I’m not the only one who has noticed the similarities between how traffickers behave and what the women in the docuseries say Kelly did to them; according to the Washington Post, Kim Mehlman-Orozco, an expert in sex trafficking cases, “was struck by the similarities from the accusations in the Surviving R. Kelly documentary and the stories told by convicted sex traffickers, [saying,] ‘These sex traffickers didn’t allow women to talk to each other, and the traffickers compared themselves to God.'”
But just making the connection isn’t enough. I believe when we discuss R. Kelly, we must we use the correct language. We need to call his alleged behaviour trafficking, because calling it anything else minimizes the criminality of these actions. Surviving R. Kelly isn’t talking about a man who simply mistreats women; it’s talking about a man who has expertly targeted, groomed and exploited the naïveté of countless Black women and girls by exerting an extreme level of control and manipulation.
It can be surprisingly difficult to use this language to describe Kelly, though. Against all the odds, there are still those who believe the “Pied Piper of R&B” is innocent. (Yes, even with that nickname, and in the age of #MeToo.) Perhaps this is because too many people, even within the Black community, still believe that the young Black women and girls who say he abused them were willing participants.
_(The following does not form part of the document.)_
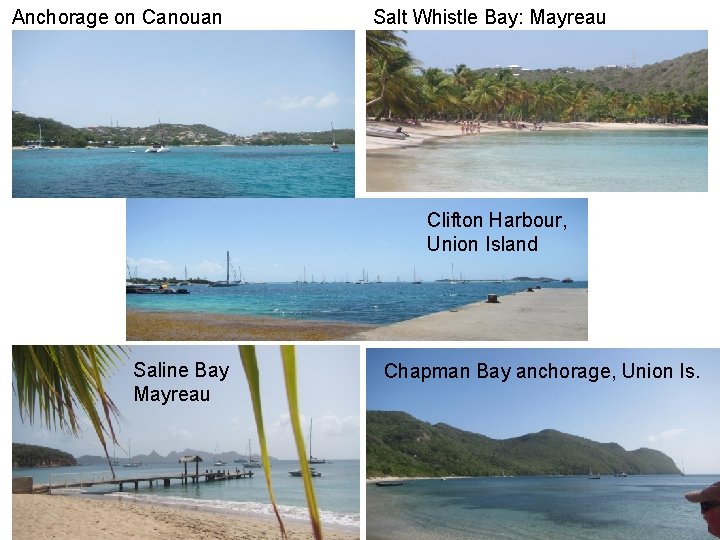 Anchorage on Canouan Salt Whistle Bay: Mayreau Clifton Harbour, Union Island Saline Bay Mayreau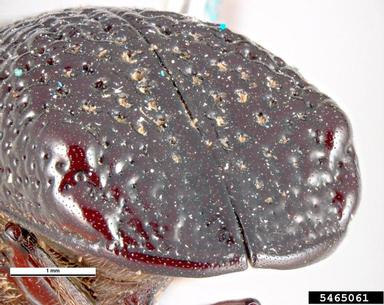 large auger beetle, Bostrychopsis jesuita  (Coleoptera: Bostrichidae) - 5465061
But the idea that these young Black women and girls are complicit in their own abuse is a sign of a larger problem: Society still doesn’t believe Black women and girls, nor does it prioritize their pain. As journalist Jim DeRogatis, whose coverage of R. Kelly’s alleged predation spans two decades, said in a 2013 interview with the Village Voice, “The saddest fact I’ve learned is nobody matters less to our society than young black women. Nobody.” Jemele Hill reiterates the point in a recent Atlantic column on the Black community’s protection of Kelly, saying, “Black girls and women are often on their own in fighting abuse and misogynoir.”
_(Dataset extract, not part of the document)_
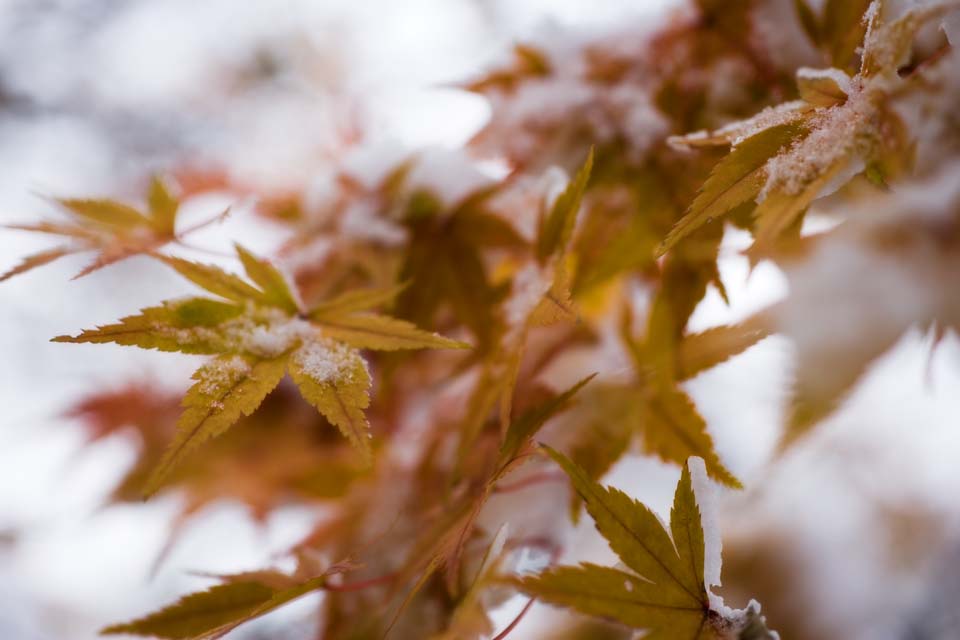 photo, la matire, libre, amnage, dcrivez, photo de la rserve,Neige et feuilles rouges, C'est neigeux, Jaune, rable, rable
Surviving R. Kelly shows the impact of emotional abuse
But I think people also blame these young women and girls for their own emotional and mental abuse because they don’t understand the impact it has. I know from my own experience in “the life,” and the experiences of the young women and girls I work with today, that physical violence is not unheard of—but there are also other forms of control. Traffickers will intentionally seek out vulnerable victims, many times taking on the role of a boyfriend, father figure or protector. Some may make promises of financial security or a glamorous lifestyle. They’ll also exert control in other ways, including making their victims fear them, playing mind games and isolating them from friends and family.
I was one of the lucky ones. I escaped my traffickers after a few months, and I was able to rebuild my life. It wasn’t easy and I suffered many setbacks, but I was eventually able to return to school to complete both a bachelor’s degree and a master’s of science. I now work as an advocate and wellness educator for survivors of human trafficking and vulnerable youth. My hope is that, thanks to the women who spearheaded the #MuteRKelly movement and executive producer Dream Hampton and the team behind Surviving R. Kelly, Kelly will finally face consequences for his alleged actions, and that “R. Kelly’s girls” will have the same chance to rebuild their lives as I did.
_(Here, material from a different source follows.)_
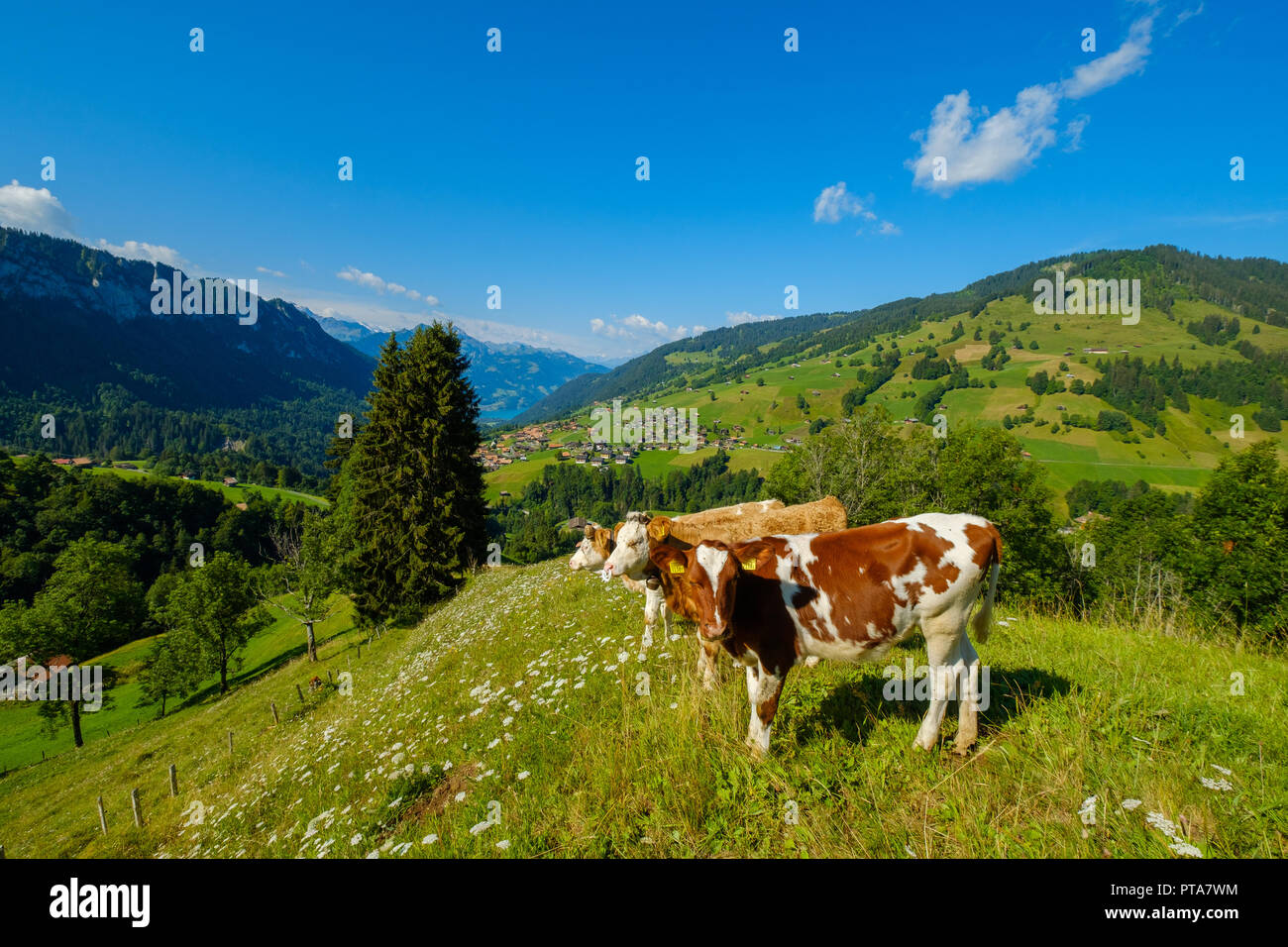 Small herd of cows graze in the Alpine meadow Stock Photo - Alamy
But I also hope our conversations around Kelly—and Cyntoia Brown, for that matter—will allow us to question our own beliefs about victims and perpetrators. And more importantly, that they’ll help us stop ignoring trafficking wherever it’s found, whether that’s in Hollywood, or in the suburbs of Chicago, or in our own backyard. It’s up to all of us to say that, as a society, we will not tolerate the exploitation of women and girls and demand policies and punishments fitting to these crimes. Only then can we truly address the problem at hand and finally #EndHumanTrafficking.
Rhonelle Bruder is an educator, advocate and the founder of the Rise Initiative, a grassroots project that supports vulnerable youth, particularly survivors of human trafficking.